Abdeslam and Abrini face life sentences in Belgium, with sentencing expected in September, after the court’s summer recess.

Death count revised upwards

The suicide attacks on 22 March 2016 at Brussels' main airport and on the  Maalbeek/Maelbeek metro station were claimed by the Islamic State armed group.

Hundreds of travellers and transport staff were injured, and many victims, relatives and rescuers remain traumatised.

The court on Tuesday formally raised the death toll from the attacks from 32 to 35, after finding a link between the deaths of three more people subsequently and the trauma they suffered. 

The seven-month trial, which started at the end of last year, was held under tight security at the converted former headquarters of the NATO military alliance.

Dozens of wounded survivors and bereaved relatives gave often emotional testimony during the months of hearings.

Unlike the French trial, which concluded last year with a decision by a panel of judges, the Brussels case was settled by a jury.

Some convicted, some acquitted

After deliberating for two weeks, the 12 jury members rejected Abdeslam’s claim not to have been involved in the planning of the attacks.

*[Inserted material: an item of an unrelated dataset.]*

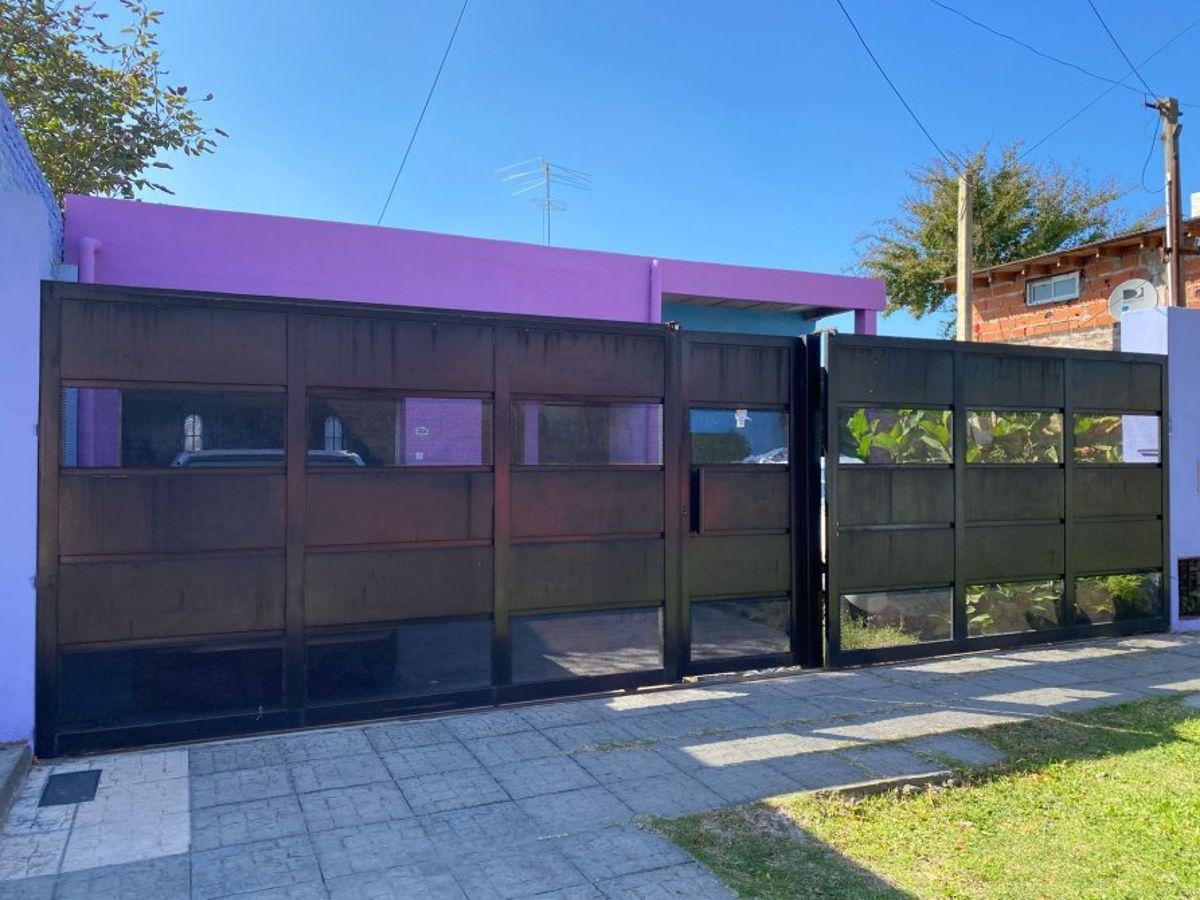 CASA CON AMPLIO PARQUE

He was arrested by Belgian police four days before the attacks, having fled to Brussels after becoming the only surviving perpetrator of the 2015 Paris attack that killed 130 people.

He spent four months in an apartment with members of the Belgium-based Islamic State cell that prosecutors believe organized and carried out the Brussels attacks.

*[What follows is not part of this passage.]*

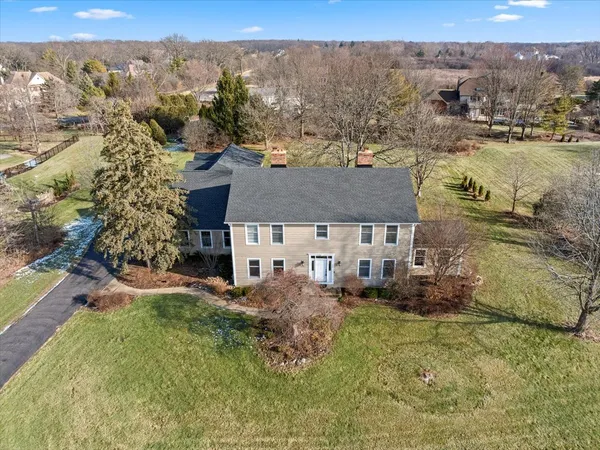 $825,000 | 2321 West Steeple Chase Circle, Libertyville, IL 60048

Abrini was found guilty of being one of the teams of suicide bombers who targeted Brussels' airport and a metro station.

He testified that he decided at the last minute not to blow himself up, as did Osama Krayem, who was also found guilty of murder, along with defendants Ali El Haddad Asufi and Bilal El Makhoukhi.

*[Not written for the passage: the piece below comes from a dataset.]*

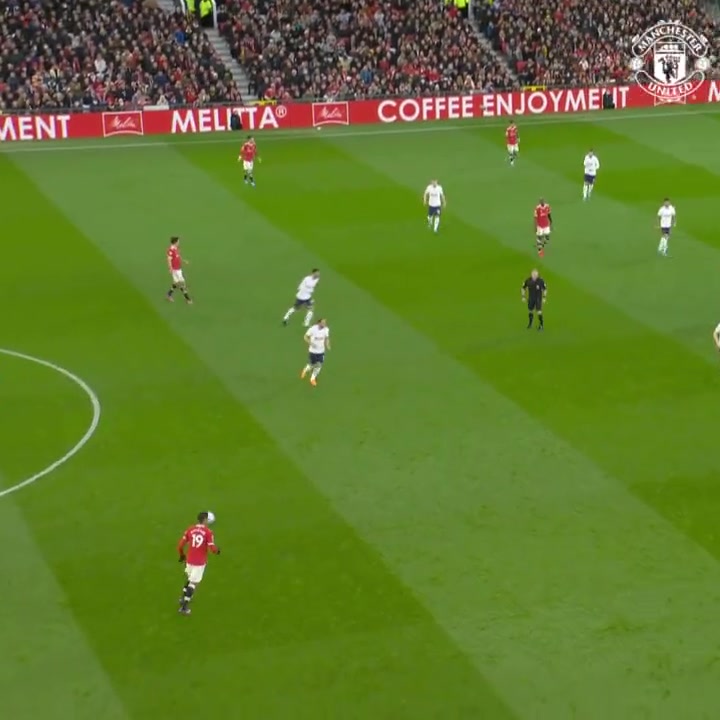 四年前的今天，37岁的C罗上演帽子戏法，帮助曼联3-2战胜热刺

Osama Atar, who is believed to have been killed in an air strike in Syria, was convicted in absentia of masterminding the attacks.

Abdeslam, Abrini, Krayem and Atar were already convicted in France for the November 2015 attacks.

Two other defendants –Sofien Ayari and Herve Bayingana Muhirwa – were acquitted of murder in Brussels, but found guilty of participating in a terrorist group.

Brothers Smail and Ibrahim Farisi were acquitted of the charges they faced.